*EXERCISE GOAL*
The records appear below. Copy each one exactly.

--- START ---

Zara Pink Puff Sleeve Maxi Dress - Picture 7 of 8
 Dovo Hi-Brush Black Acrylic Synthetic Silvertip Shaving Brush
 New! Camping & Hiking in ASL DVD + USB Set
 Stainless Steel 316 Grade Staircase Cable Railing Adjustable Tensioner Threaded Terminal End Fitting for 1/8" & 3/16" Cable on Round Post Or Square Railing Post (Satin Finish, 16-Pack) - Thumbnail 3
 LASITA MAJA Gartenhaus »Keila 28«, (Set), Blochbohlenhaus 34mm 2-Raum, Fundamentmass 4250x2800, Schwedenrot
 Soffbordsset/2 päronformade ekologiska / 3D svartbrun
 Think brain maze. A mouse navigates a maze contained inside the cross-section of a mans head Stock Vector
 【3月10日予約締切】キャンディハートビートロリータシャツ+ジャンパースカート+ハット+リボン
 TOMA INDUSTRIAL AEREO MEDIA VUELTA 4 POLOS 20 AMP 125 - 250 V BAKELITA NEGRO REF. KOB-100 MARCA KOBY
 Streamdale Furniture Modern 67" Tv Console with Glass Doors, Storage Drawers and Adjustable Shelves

--- END ---

*RESULT FOR THIS TASK*
Zara Pink Puff Sleeve Maxi Dress - Picture 7 of 8
 Dovo Hi-Brush Black Acrylic Synthetic Silvertip Shaving Brush
 New! Camping & Hiking in ASL DVD + USB Set
 Stainless Steel 316 Grade Staircase Cable Railing Adjustable Tensioner Threaded Terminal End Fitting for 1/8" & 3/16" Cable on Round Post Or Square Railing Post (Satin Finish, 16-Pack) - Thumbnail 3
 LASITA MAJA Gartenhaus »Keila 28«, (Set), Blochbohlenhaus 34mm 2-Raum, Fundamentmass 4250x2800, Schwedenrot
 Soffbordsset/2 päronformade ekologiska / 3D svartbrun
 Think brain maze. A mouse navigates a maze contained inside the cross-section of a mans head Stock Vector
 【3月10日予約締切】キャンディハートビートロリータシャツ+ジャンパースカート+ハット+リボン
 TOMA INDUSTRIAL AEREO MEDIA VUELTA 4 POLOS 20 AMP 125 - 250 V BAKELITA NEGRO REF. KOB-100 MARCA KOBY
 Streamdale Furniture Modern 67" Tv Console with Glass Doors, Storage Drawers and Adjustable Shelves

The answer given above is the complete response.